I’m excited and I’m nervous. I qualified as a nurse just 15 months ago. I left a career in IT of “quite a few years” – I decided I needed a fresh start.

Now I’m sat on a train heading to my first ever RCN Congress. I’m a voting delegate and will be honoured to carry that responsibility for my branch.


I’m also excited to finally be meeting people that I’ve solely (or mostly) only ever connected with online.

Finally, I’m looking forward to the various debates and resolutions. Listening to the speakers will further inform my views and I might even share a thought or two myself – fortunately speaking in public does not generally worry me (I’ll be the one with the ukulele).

A brief glance back to this time last year when certain “irregularities” were noticed by some members around the pay deal and communications regarding it.

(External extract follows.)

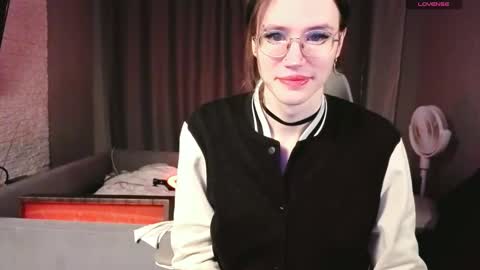 This name is so sexy you cant pronounce it. online show from December 15, 12:26 am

The train of events that followed uncovered a number of poor practices regarding transparency and accountability and our current council were elected to address these.

I also mentioned I am nervous.

Recently, it has become clear that further “irregularities” have occurred – and questions will be asked.

Tomorrow morning is the Royal College of Nursing’s Annual General Meeting – an opportunity for members to ask questions. An opportunity for the council to demonstrate its commitment to openness, transparency, and accountability. An opportunity for a fresh start.

I genuinely hope the answers to the questions I raise are clear and dispel the concerns many of us have.

And if they don’t? Well, that’s why I’m nervous.